How to Patent Invention A Beginner’s Guide

Charles Ferguson
7 min readJul 29, 2021

You might have a brilliant invention that will change the world as we know it, but without the proper intellectual property protection, you could be letting your next big idea getaway. We’ll go through the process of how to patent an invention — from researching your idea and documenting it, to filing and defending against infringers. On top of this, you’ll find out about a few resources that can make the process even easier for you. So start by reading this guide!

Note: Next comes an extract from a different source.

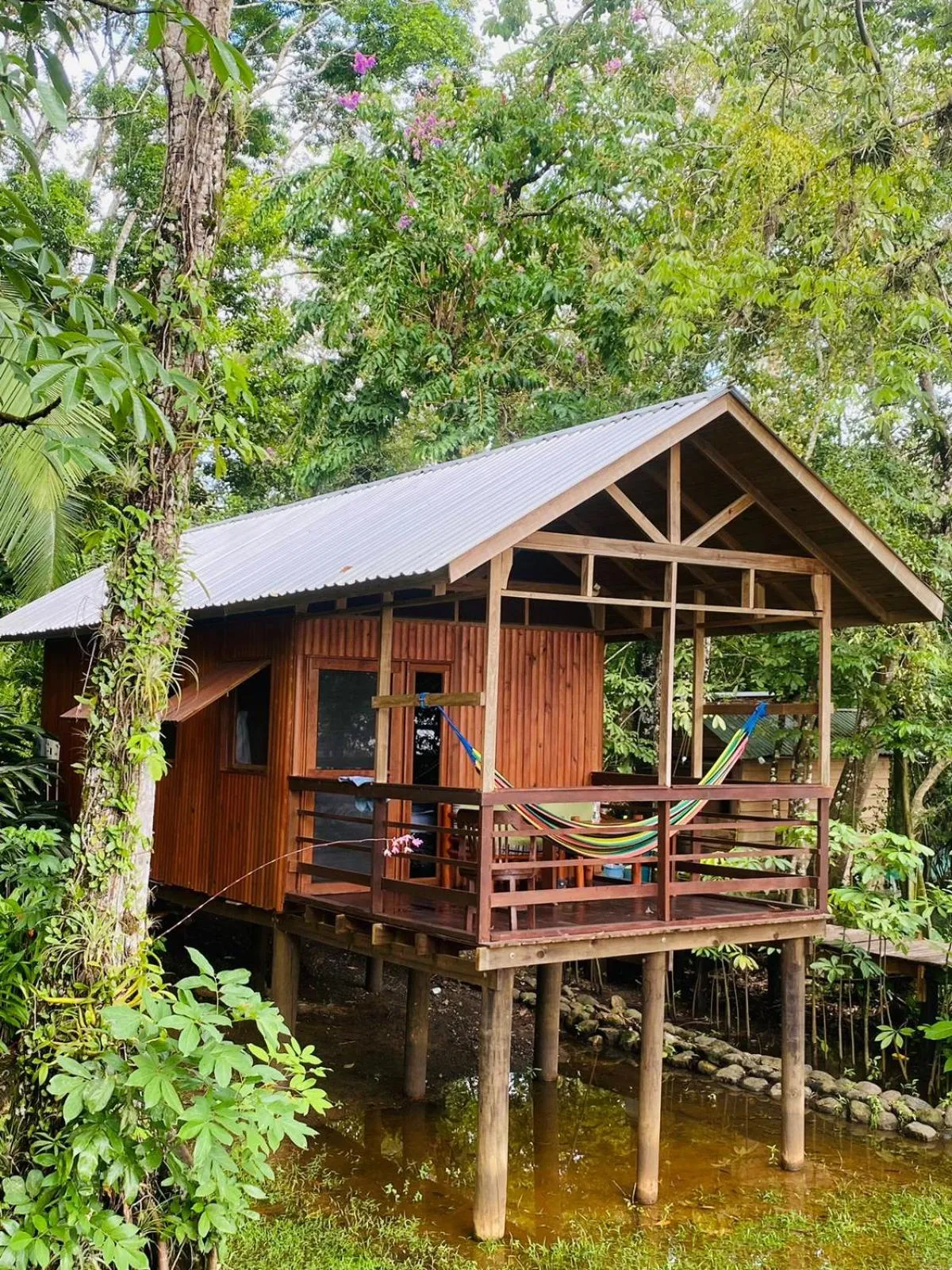 Property building in Tortugal Boutique River Lodge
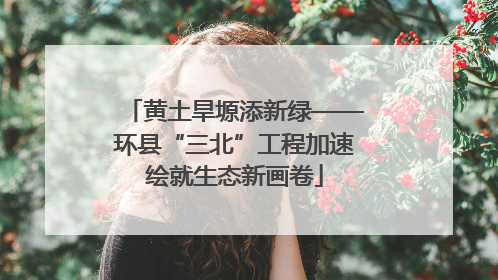 黄土旱塬添新绿——环县“三北”工程加速绘就生态新画卷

1. How to research your idea

To research your idea, try to find a few people who might be interested in your idea and talk to them about it. Ask them questions, and try to see if your idea resonates with them.One way to conduct this research is by contacting your local Chamber of Commerce or your state website and looking up their member companies for referrals. When individuals are involved, it can be hard to determine if your idea is unique, but you should always work in a manner that indicates your idea is neither individualized nor an undisputed, patented idea that has been created by one person.
Once you have determined this, then you are ready to begin your intellectual property process. If you have an established prototype, by all means, keep that, but don’t simply start work on the next version of your invention as soon as you finish creating your prototype. Patenting just the idea helps you have a starting point and strengthen your hope that you might be able to protect your idea through copyright later on. So while you may have an idea already, don’t actually begin working on the next version of your invention until you have copyrighted it. Copyright protection would help make sure that you hold upside in your idea (i.e. if someone copies your invention then you have the right to demand they pay you). But make sure that it is a document you have prepared in advance, as this is when you have a strong argument in your favor should someone else try to infringe upon your copyright.
Once you’ve copyrighted your idea, you’re all set. Next, you’ll need to draft your invention registration. This must be done by a licensed attorney, and it’s important to have an overview of the national patent laws applicable to you and your proposed invention before you begin. The better you understand these laws, the better odds you have of succeeding.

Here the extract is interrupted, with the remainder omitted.